Welcome to You Ask Andy

Raymond Durrance, age 14, of Great Falls, Mont., for his question:

CAN EMPHYSEMA BE CURED?

Emphysema is a lung disease in which the patient has great difficulty exhaling his breath. Other symptoms include frequent colds and coughing, excess mucus in the throat, indigestion and shortness of breath.

Medical experts report that emphysema cannot be cured. However, victims who receive early treatment may have long and reasonably active lives.

Drugs and hormones help many emphysema patients. Air pumps, which force pure oxygen into the lungs, and sometimes lung surgery are used to help other patients.

Doctors don't know exactly what causes emphysema. However, they know most cases start with a lung infection called chronic bronchitis. Air pollution and cigarette smoking is often the apparent cause. The illness most frequently strikes males over the age of 40.

More than a million people in the United States and Canada have emphysema. In the early 1970s, the disease was increasing faster among Americans than any other major ailment. The disease killed about 30,000 Americans in 1970, compared with fewer than 1,500 in 1950.

Emphysema damages the small air sacs in the lungs through which oxygen enters the blood and carbon dioxide leaves it. Some emphysema victims have bluish skin because their blood contains too little oxygen.

Emphysema may destroy as much as half the ability of the lungs to function before the victim even realizes that something is seriously wrong. Such lung tissue damage makes the lungs less elastic and some carbon dioxide remains in them after each exhalation.

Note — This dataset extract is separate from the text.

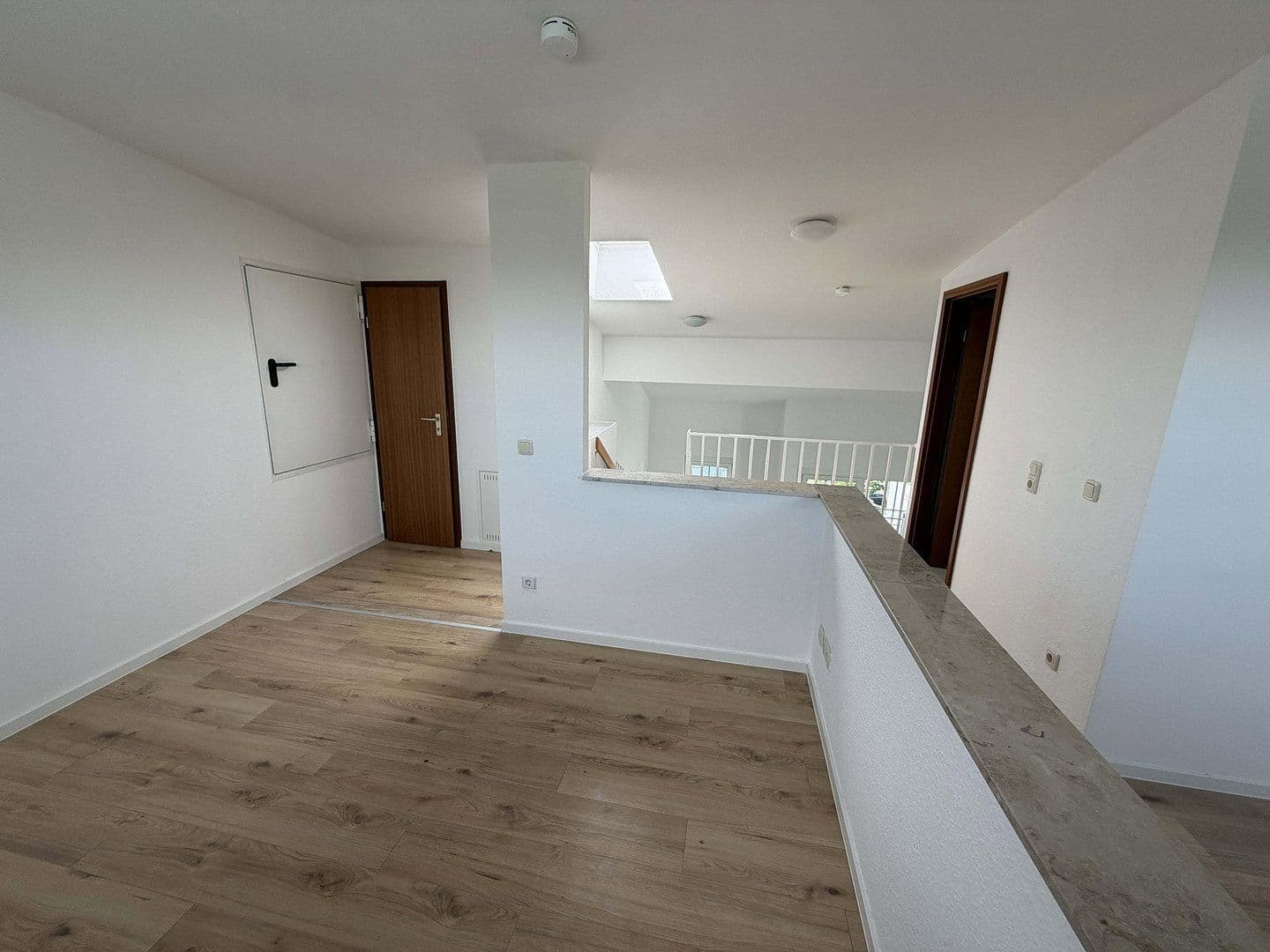 Pronájem bytu 3+1 72 m², Am Rebstock 12, Kabelsketal, Sasko-Anhaltsko Pronájem bytu 3+1 72 m², Am Rebstock 12, Kabelsketal, Sasko-Anhaltsko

The carbon dioxide poisons the body and takes up space usually occupied by inhaled oxygen. The victim must breathe increasingly harder to get normal amounts of oxygen into his lungs.

In addition, the victim's heart must pump harder to get enough oxygen into the blood.

Because the emphysema victim must breathe increasingly harder to get a normal amount of oxygen into his lungs, many develop heart ailments that can cause death.

Most emphysema victims work or live in areas with heavy air pollution. When air stagnates in such an area, an emphysema epidemic may result. Such epidemics have happened in London and in the industrial valleys of Belgium and Pennsylvania.

About 13 times as many smokers as nonsmokers get emphysema.

Heredity may also be a factor in the disease. About a fourth of the victims lack an enzyme called alpha antitrypsin, which protects the lungs against infection.

Many emphysema victims have large but inefficient lungs and look barrel chested.

Doctors offer an easy to follow suggestion for young people as a way of taking an early measure in the prevention of emphysema: don't take up smoking.